The Mercury-orbiting spacecraft has captured images of both comets, thus setting the stage for observations later this month when both will shine brighter and appear closer to Mercury.
By | Published: November 15, 2013 | Last updated on May 18, 2023
Encke and ISON final comet figure

This figure shows, on the left, images of Encke on three successive days from November 6 to November 8; on the right, images of ISON are shown for three successive days from November 9 to November 11. Both comets appear to brighten each day (top to bottom).

Green circles indicate some of the brighter cataloged background stars in each image; yellow marks bracket the comets. The background stars are fixed in each image from top to bottom, so the motion of the comet relative to the stars is clear in each case. The images have been smoothed slightly to diminish the distracting sharp edges of the pixels.

NASA/Johns Hopkins University Applied Physics Laboratory/Carnegie Institution of Washington/Southwest Research Institute
NASA’s Mercury-orbiting MESSENGER spacecraft has captured images of two comets — 2P/Encke and C/2012 S1 (ISON) — setting the stage for observations later this month when both comets will be substantially brighter and much closer to Mercury.

ISON was discovered in September 2012 by amateur Russian astronomers, who observed with a 16-inch telescope that is part of the International Scientific Optical Network (ISON), discovered after which the comet was named.

On November 28, ISON will fly within 700,000 miles (1.2 million kilometers) of the Sun’s photosphere, at which time it is expected either to flare brilliantly or disintegrate.

As part of an ISON observation campaign involving ground- and space-based NASA observatories, as well as many other observatories around the world, MESSENGER has been poised for several weeks to collect observations of ISON. From November 9 through November 11, the probe’s Mercury Dual Instrument System (MDIS) captured its first images of the comet.

“We are thrilled to see that we’ve detected ISON,” said Ron Vervack from the Johns Hopkins University Applied Physics Laboratory in Baltimore, Maryland. “The comet hasn’t brightened as quickly as originally predicted, so we wondered how well we would do. Seeing it this early bodes well for our later observations.”

A few days earlier, from November 6 through November 8, MESSENGER’s imagers picked up its first snapshots of Encke. Unlike ISON, Encke has been known for quite a while. It was discovered in 1786 and recognized as a periodic comet in 1819. Its orbital period is 3.3 years — the shortest period of any known comet — and November 21 will mark its 62nd recorded perihelion.

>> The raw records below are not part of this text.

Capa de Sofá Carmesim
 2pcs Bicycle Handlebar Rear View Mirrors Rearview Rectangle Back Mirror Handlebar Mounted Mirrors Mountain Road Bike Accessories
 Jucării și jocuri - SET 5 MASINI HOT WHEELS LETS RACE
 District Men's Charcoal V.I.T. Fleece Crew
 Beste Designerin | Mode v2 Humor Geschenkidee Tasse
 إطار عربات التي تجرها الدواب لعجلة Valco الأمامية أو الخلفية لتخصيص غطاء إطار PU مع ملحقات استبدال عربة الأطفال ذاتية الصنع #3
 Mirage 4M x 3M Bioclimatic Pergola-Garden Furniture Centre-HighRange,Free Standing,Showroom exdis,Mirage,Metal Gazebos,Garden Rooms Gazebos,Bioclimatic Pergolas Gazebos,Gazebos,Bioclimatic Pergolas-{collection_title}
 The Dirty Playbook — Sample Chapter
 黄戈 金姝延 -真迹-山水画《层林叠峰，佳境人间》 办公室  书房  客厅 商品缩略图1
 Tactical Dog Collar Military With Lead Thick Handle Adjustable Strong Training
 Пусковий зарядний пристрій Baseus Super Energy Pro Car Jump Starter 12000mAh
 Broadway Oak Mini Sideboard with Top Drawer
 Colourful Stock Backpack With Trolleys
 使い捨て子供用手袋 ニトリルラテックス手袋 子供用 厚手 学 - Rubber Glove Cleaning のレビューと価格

“Encke has been on our radar for a long time because we’ve realized that it would be crossing MESSENGER’s path in mid-November of this year,” Vervack said. “And not only crossing it, but coming very close to Mercury.” These early images of both comets are little more than a few pixels across, Vervack said, but he expects improved images next week when the comets make their closest approaches to MESSENGER and Mercury.

On November 18, just a few days shy of its perihelion on November 21, Encke will travel within 2.3 million miles (3.7 million km) of Mercury. According to the Minor Planet Center, if Encke came this close to Earth, it would rank as the third closest known approach of a comet to our planet. On November 19, ISON will pass within 22.5 million miles (36.2 million km) of Mercury while at a distance of 44 million (71 million km) from the Sun.

“By next week, we expect Encke to brighten by approximately a factor of 200 as seen from Mercury, and ISON by a factor of 15 or more,” Vervack said. “So we have high hopes for better images and data.” Three of MESSENGER’s instruments — MDIS, the Mercury Atmospheric and Surface Composition Spectrometer, and the X-Ray Spectrometer — will be trained on the two comets and will collect as many observations as payload operational constraints will allow.

There are complicating issues that could impact the volume of data the team gathers, Vervack said. “Closest approach occurs during what we call a ‘hot season,’” he said. “So, for the health of the spacecraft, portions of each orbit must be spent in a thermally safe mode, which precludes gathering data over the entire orbit.”

The critical observations also happen during a low-downlink period for MESSENGER. “We can’t fill up the spacecraft recorder with comet data because doing so could cause a backlog that impacts our primary mission of collecting observations from Mercury,” Vervack said. But the team is optimistic that all will go as planned. “We just need the comets to hold up their end of the bargain.”